EXERCISE: Beginning at the line containing "TRAVIS MATHEW Men", repeat each line below exactly up to and including the line containing "Petrobras anuncia conclusão". Do not repeat the pictures.

PROVIDED DATA:
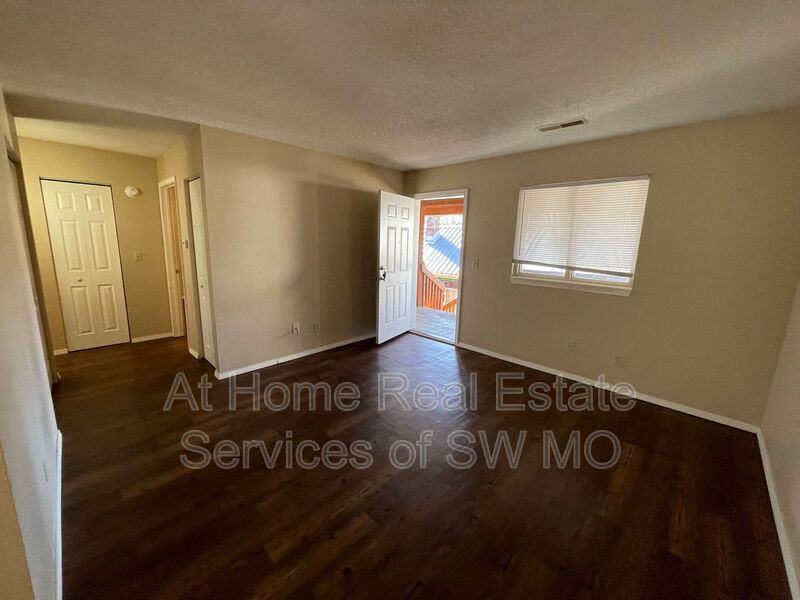 510 W Scott St #5 - Photo 2 of 7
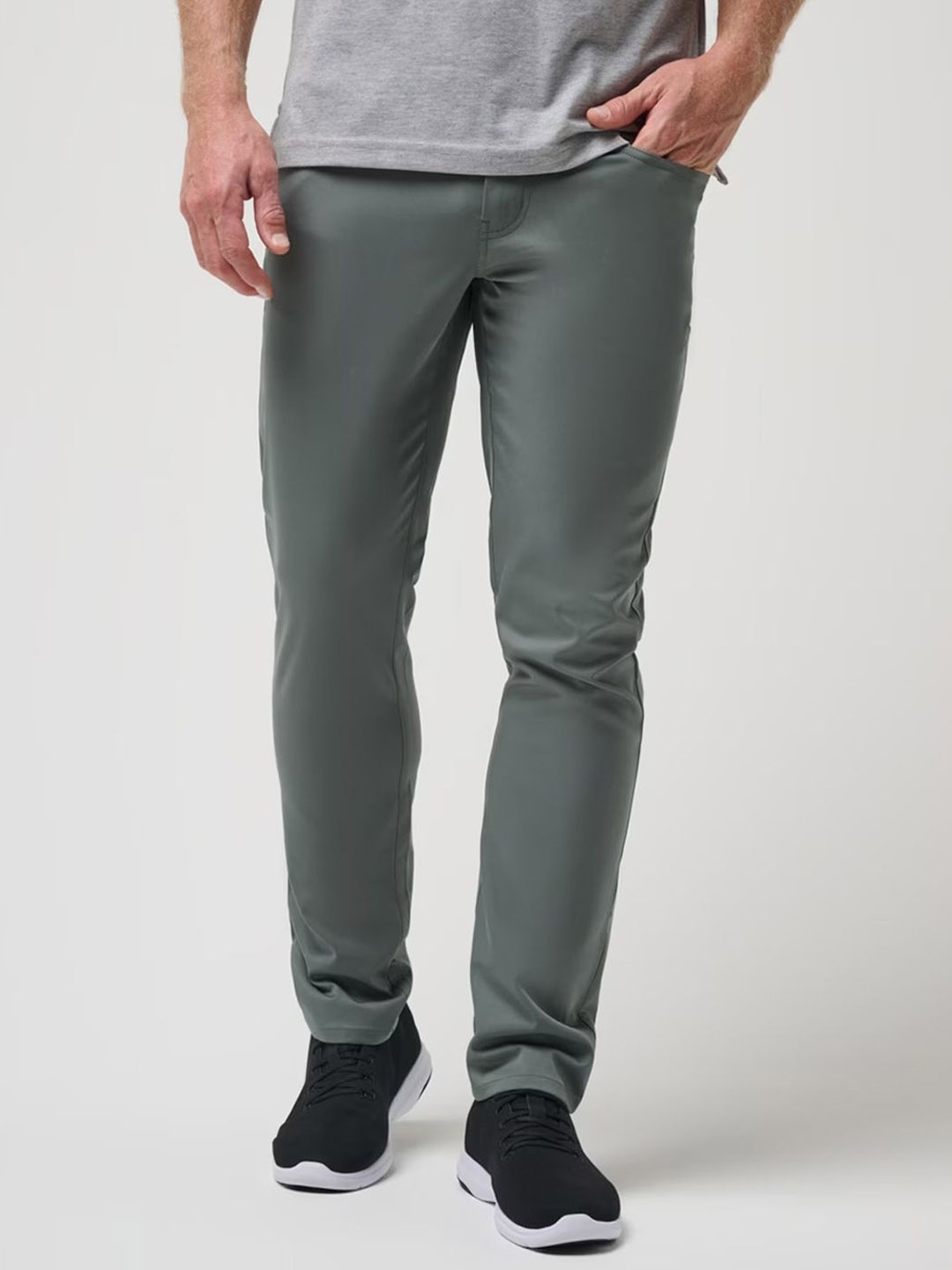 

TRAVIS MATHEW Men Straight Fit Chinos Trousers, Olive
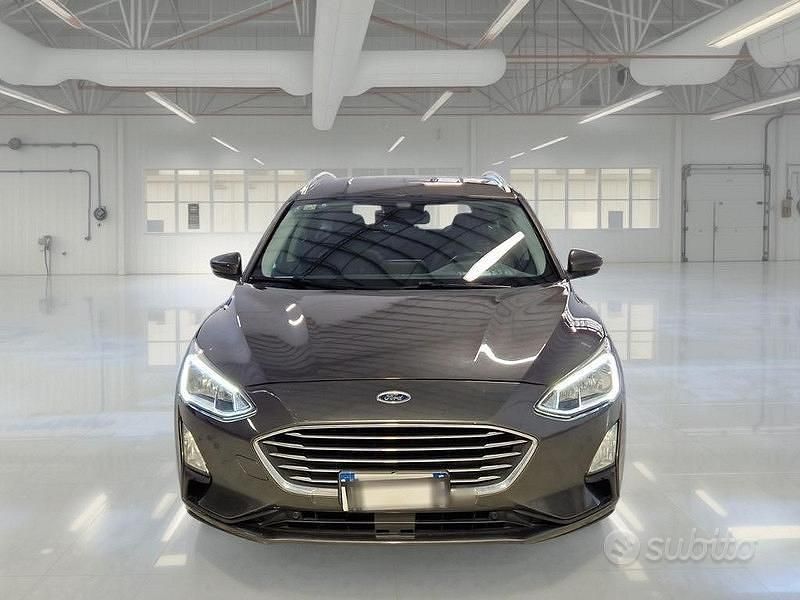 Begagnad Ford Focus Titanium 120 HK (88 kW) 2019 Grå Kombi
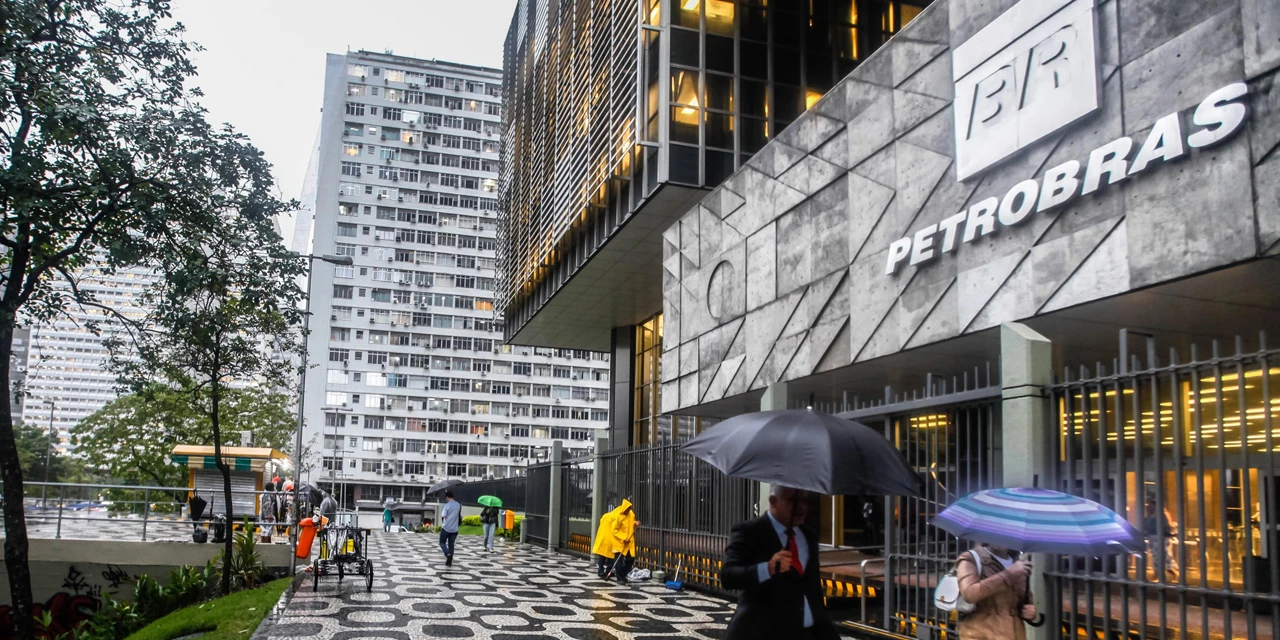 Petrobras anuncia conclusão de emissão de US$ 2 bilhões em títulos no exterior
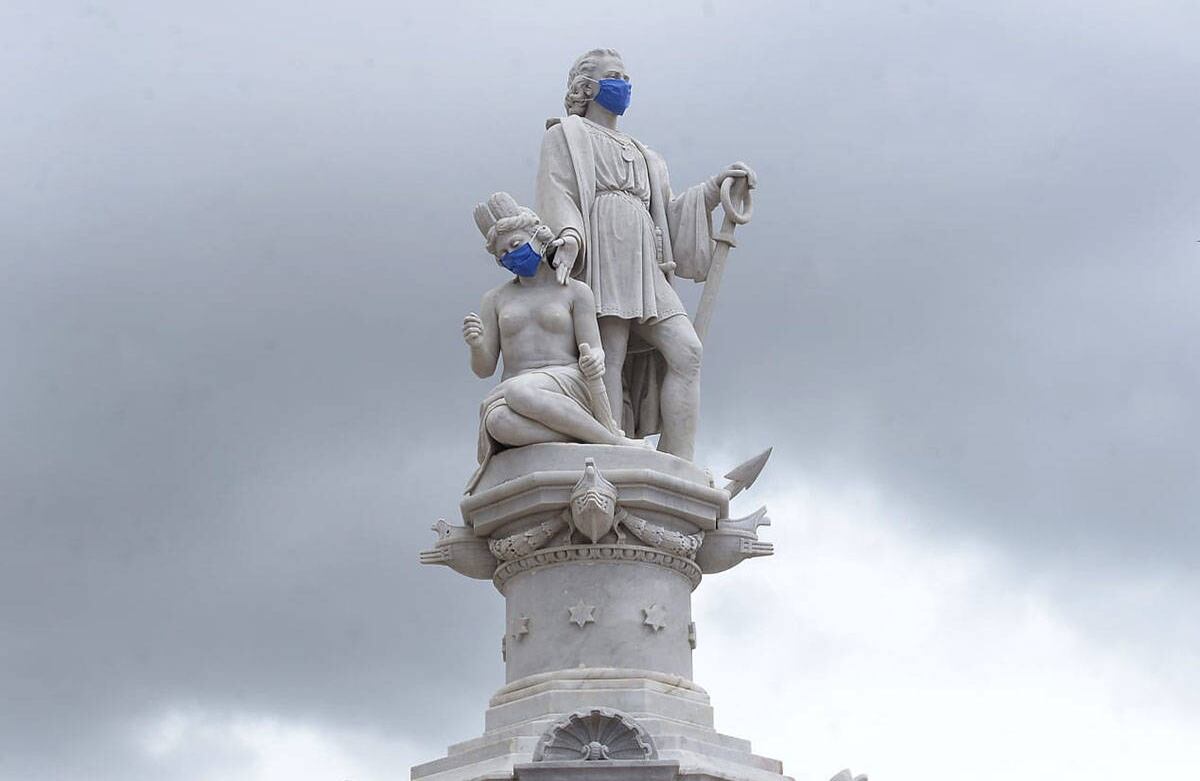 El alcalde Dau declaró tener “el alma arrugada por los muertos, los contagiados, el hecho de que todos están en sus casas y no hay ingresos. Este es el momento de los cartageneros de ponernos fuertes, tener el tesón para seguir adelante. El próximo año el cumpleaños será mucho mejor”. Foto: Cortesía Alcaldía de Cartagena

SOLVED EXERCISE:
TRAVIS MATHEW Men Straight Fit Chinos Trousers, Olive
 Begagnad Ford Focus Titanium 120 HK (88 kW) 2019 Grå Kombi
 Petrobras anuncia conclusão de emissão de US$ 2 bilhões em títulos no exterior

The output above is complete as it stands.